Segment Open

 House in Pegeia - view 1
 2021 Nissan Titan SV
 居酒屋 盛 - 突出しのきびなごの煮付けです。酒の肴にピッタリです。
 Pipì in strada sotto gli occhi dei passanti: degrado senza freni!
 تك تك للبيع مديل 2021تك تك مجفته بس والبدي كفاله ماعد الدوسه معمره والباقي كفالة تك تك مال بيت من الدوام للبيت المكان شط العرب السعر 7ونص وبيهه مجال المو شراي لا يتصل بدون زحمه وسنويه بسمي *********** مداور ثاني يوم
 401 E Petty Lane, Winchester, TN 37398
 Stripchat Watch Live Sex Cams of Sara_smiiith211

Segment Closed
Segment Open

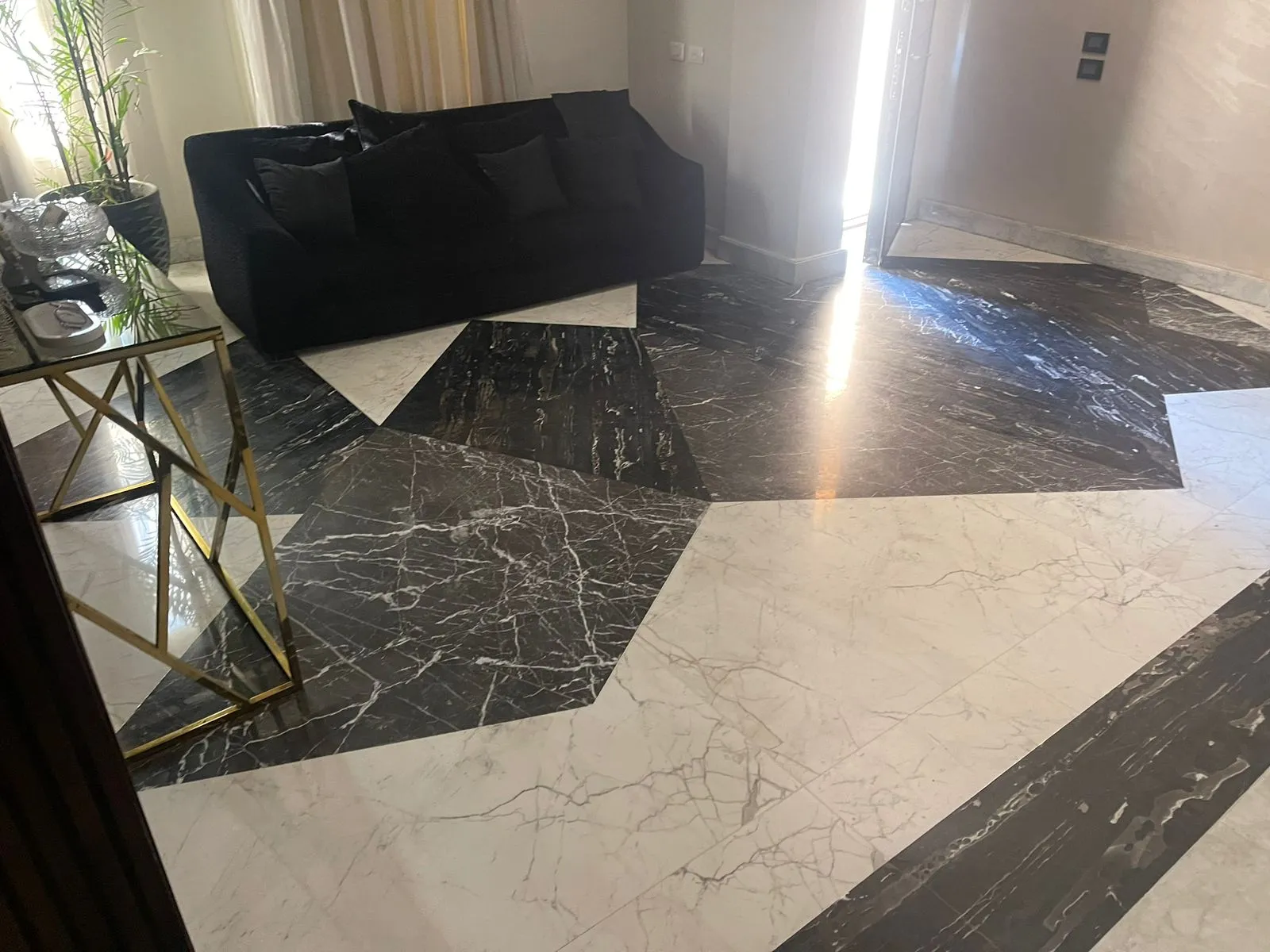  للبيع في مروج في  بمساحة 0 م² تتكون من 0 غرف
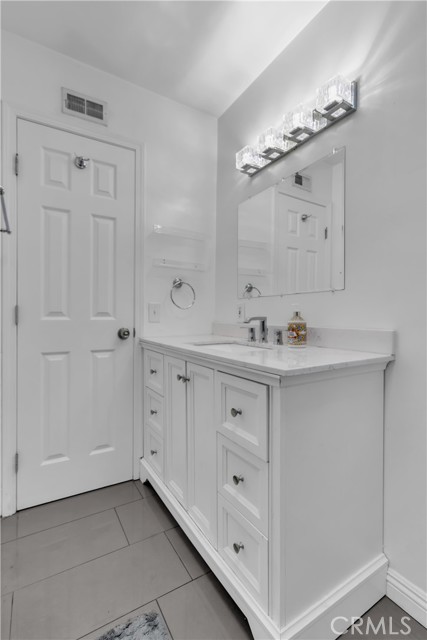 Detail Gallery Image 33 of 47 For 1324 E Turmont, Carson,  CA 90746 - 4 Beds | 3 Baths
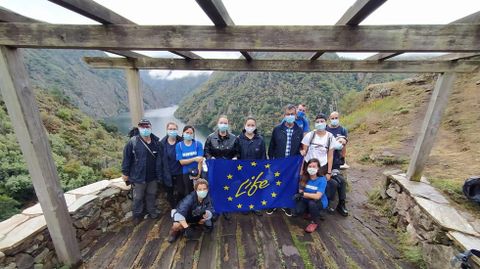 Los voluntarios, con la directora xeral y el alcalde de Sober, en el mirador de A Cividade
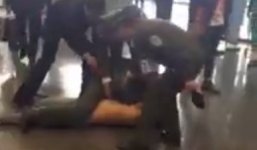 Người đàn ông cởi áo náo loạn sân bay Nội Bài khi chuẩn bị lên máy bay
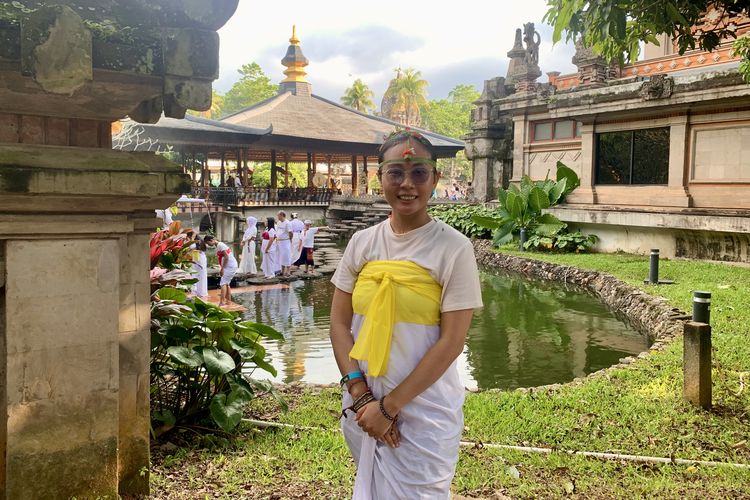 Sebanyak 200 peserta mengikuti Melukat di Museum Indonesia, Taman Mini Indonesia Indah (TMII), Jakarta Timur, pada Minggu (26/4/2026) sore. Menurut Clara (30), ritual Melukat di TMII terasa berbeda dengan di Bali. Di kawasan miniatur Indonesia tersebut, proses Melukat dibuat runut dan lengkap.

Segment Closed

Exercise description – Could you retype exactly the lines above, starting at the line that contains "Pipì in strada" and ending at the line that contains "Stripchat Watch Live", and nothing more?

Solution for this task –
 Pipì in strada sotto gli occhi dei passanti: degrado senza freni!
 تك تك للبيع مديل 2021تك تك مجفته بس والبدي كفاله ماعد الدوسه معمره والباقي كفالة تك تك مال بيت من الدوام للبيت المكان شط العرب السعر 7ونص وبيهه مجال المو شراي لا يتصل بدون زحمه وسنويه بسمي *********** مداور ثاني يوم
 401 E Petty Lane, Winchester, TN 37398
 Stripchat Watch Live Sex Cams of Sara_smiiith211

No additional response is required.